As part of an academic project at Pratt, my team and I decided to solve the existing inconsistencies and accessibility issues in the largest Asian app, Weee! The project focuses on meeting WCAG 2.2 standards and scalability to support Weee's expansion into newer markets.

This is independent work. Weee! is not a client, and no proprietary or confidential information was accessed. All UI analysis was conducted using the publicly available respurces

As part of an academic project at Pratt, my team and I decided to solve the existing inconsistencies and accessibility issues in the largest Asian app, Weee! The project focuses on meeting WCAG 2.2 standards and scalability to support Weee's expansion into newer markets.

This is independent work. Weee! is not a client, and no proprietary or confidential information was accessed. All UI analysis was conducted using the publicly available respurces

The problem

Weee! is a fast growing app expanding rapidly into newer markets with a huge design debt

Weee's mobile interface

Founded in 2015, Weee! is America's largest online Asian super market. What started as a primarily Chinese grocery delivery service has grown in a multi-cultural platform spanning Thai, Vietnamese, Indian, Filipino, and many more cuisines. Today, it serves millions of users across the U.S. and is actively expanding toward the Middle East market next.

As Weee! scaled rapidly, its design team shipped fast. That speed left behind a trail of problems: mismatched colors, competing button styles, and components that existed in multiple variations with no clear rationale for when to use which one. It's the kind of inconsistency that accumulates quietly until you zoom out and realize the product no longer speaks with one design language. 
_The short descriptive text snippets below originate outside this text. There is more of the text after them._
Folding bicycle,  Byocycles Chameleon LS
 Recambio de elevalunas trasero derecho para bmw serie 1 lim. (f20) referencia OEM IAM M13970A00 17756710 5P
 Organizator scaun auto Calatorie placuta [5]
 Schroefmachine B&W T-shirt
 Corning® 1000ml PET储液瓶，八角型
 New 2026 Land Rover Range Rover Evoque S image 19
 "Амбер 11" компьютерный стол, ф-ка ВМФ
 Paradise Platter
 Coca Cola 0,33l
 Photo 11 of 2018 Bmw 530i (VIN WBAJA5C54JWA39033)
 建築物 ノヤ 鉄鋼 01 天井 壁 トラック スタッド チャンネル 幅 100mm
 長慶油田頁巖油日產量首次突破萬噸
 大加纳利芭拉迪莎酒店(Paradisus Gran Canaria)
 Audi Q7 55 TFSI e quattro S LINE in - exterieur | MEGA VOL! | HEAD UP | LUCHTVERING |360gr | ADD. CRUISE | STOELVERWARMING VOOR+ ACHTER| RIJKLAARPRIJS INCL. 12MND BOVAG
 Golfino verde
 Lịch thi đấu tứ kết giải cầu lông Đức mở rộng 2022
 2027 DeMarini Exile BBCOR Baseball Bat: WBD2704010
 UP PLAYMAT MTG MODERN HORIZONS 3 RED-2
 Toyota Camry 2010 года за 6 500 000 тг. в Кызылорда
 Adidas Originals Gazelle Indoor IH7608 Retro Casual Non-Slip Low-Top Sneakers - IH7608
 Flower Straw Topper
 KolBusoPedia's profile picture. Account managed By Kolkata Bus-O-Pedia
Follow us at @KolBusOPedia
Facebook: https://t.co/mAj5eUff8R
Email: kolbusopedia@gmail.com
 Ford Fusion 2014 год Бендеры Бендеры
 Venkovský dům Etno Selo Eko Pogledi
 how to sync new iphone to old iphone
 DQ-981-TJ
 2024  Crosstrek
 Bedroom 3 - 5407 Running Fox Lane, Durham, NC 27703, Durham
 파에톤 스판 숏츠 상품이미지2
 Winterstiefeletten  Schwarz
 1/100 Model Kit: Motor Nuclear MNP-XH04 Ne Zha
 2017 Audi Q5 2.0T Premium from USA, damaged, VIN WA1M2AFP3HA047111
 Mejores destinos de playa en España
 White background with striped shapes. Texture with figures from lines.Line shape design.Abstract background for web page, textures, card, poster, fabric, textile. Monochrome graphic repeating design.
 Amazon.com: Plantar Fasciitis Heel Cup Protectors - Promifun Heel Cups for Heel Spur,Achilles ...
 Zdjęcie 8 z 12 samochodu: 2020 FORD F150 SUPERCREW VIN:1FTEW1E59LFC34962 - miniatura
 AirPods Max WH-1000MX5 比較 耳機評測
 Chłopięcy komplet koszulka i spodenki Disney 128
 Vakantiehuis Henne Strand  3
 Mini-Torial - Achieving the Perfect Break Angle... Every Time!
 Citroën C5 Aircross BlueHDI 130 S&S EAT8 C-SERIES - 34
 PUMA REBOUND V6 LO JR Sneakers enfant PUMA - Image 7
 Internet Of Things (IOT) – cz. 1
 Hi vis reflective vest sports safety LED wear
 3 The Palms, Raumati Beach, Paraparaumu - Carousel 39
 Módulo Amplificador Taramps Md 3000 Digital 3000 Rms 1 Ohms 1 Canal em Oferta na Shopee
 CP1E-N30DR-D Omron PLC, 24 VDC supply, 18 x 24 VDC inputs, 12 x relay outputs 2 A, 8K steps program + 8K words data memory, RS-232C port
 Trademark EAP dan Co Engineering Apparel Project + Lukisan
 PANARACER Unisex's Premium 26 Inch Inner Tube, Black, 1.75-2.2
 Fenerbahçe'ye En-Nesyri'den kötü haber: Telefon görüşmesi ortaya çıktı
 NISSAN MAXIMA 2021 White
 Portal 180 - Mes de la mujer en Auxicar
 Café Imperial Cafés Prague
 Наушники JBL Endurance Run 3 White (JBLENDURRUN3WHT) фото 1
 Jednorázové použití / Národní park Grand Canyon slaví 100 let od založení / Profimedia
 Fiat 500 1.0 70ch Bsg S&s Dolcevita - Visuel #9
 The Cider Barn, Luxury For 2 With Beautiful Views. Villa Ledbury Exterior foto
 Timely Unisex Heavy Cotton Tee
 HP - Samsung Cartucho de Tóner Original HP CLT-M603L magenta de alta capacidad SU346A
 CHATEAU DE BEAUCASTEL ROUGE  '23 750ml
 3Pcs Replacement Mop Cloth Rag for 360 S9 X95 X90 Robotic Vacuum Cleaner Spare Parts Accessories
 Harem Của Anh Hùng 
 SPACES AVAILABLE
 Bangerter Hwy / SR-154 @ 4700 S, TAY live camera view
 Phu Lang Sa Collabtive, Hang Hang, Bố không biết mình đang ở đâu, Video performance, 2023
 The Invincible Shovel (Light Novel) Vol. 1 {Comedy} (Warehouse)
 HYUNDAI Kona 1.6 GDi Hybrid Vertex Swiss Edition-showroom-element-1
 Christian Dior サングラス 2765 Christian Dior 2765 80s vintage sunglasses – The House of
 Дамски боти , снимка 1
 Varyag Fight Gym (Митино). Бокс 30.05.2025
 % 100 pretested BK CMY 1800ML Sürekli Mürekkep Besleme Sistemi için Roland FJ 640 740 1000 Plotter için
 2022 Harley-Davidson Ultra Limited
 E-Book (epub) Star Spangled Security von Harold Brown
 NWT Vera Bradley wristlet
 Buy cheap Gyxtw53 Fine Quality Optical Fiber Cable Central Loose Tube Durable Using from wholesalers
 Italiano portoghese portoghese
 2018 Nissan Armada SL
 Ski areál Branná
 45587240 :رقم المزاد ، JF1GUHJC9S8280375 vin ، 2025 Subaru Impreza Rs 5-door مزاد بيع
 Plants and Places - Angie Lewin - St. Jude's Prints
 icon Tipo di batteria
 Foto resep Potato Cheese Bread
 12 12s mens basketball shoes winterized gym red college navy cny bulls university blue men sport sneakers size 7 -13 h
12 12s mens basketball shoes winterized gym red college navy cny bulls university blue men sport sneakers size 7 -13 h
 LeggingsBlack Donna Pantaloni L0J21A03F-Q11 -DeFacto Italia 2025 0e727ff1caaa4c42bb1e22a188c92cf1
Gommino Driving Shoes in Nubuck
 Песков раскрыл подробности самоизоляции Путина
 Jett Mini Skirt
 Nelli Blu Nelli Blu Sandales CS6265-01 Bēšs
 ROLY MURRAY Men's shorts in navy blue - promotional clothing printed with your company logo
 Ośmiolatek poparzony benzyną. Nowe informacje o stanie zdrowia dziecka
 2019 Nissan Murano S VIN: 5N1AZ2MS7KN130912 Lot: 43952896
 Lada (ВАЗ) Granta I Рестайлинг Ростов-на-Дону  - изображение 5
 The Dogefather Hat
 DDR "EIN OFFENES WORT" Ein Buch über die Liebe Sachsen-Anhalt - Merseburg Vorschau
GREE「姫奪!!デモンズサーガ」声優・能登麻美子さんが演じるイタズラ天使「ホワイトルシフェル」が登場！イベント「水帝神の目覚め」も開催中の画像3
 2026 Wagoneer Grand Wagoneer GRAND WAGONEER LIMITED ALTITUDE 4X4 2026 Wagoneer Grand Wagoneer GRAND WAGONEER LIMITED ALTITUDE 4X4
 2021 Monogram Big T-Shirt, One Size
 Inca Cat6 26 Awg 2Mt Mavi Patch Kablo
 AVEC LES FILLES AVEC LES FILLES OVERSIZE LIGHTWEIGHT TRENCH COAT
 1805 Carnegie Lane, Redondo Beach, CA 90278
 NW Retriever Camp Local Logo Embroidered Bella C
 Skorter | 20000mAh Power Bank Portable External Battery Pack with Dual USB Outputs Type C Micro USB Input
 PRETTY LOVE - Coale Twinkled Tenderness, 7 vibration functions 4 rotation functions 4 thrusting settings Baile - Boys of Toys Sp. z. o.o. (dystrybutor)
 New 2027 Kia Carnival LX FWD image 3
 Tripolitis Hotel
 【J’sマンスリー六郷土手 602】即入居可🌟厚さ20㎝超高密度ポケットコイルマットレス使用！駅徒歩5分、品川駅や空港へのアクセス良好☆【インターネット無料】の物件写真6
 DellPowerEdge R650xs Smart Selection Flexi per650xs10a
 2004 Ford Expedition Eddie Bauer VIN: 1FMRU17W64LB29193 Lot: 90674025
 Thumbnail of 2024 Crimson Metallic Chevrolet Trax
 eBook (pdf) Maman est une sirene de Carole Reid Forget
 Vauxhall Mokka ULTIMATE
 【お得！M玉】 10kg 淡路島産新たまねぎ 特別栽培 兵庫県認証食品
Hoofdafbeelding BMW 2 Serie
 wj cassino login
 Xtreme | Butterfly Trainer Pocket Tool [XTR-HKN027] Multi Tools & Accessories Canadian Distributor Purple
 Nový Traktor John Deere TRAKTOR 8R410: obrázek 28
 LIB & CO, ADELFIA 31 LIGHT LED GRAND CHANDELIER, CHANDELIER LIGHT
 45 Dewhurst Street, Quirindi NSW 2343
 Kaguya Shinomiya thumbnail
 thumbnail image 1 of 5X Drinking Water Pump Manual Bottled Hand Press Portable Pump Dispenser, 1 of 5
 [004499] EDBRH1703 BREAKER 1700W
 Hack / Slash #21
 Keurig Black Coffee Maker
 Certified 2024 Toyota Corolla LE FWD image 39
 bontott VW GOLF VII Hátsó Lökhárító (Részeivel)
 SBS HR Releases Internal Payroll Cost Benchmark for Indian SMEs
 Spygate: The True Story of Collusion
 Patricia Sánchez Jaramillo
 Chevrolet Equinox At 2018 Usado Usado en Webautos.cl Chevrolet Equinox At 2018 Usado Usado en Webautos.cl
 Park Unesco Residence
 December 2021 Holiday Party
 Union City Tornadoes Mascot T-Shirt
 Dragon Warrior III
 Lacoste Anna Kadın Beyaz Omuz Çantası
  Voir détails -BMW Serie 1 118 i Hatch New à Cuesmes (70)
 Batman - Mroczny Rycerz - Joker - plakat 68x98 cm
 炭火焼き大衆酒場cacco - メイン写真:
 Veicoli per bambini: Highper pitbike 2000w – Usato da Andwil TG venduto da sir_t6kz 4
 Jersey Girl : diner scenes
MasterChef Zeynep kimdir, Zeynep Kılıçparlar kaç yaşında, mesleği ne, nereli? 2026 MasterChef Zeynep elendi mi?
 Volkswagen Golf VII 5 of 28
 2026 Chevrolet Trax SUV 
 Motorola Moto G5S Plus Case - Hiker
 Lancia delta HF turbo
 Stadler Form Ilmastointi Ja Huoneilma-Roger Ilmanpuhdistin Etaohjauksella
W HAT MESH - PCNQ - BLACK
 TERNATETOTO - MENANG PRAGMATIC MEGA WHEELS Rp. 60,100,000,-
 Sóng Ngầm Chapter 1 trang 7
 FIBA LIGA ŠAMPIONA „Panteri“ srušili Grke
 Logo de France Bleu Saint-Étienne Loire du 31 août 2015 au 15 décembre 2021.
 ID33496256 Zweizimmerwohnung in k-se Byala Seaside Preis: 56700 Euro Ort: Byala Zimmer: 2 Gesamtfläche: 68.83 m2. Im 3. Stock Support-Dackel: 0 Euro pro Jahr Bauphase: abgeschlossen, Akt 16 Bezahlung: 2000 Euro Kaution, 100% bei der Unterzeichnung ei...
Snapshot of competing variants in the app

Why a design system?

Umami – Weee!'s culture change disguised as a design system

While the app uses a UI kit (collection of brand images and colors, typography, tone, media kits, it still relies on the interpretation by different designers working on various product verticals functioning independent of each other. Without a design systems infrastructure, even the best teams drfit away. New designers introduce their own patterns and the product breaks!

-Lauren Loprete

Final deliverables

Meet Umami – the fifth flavour of great design

Umami describes a mild, deep taste that acts as an enhancer for overall dishes. Similarly, a design system cohesively brings together the elements and components to create one and multiple product experiences that work seamlessly together.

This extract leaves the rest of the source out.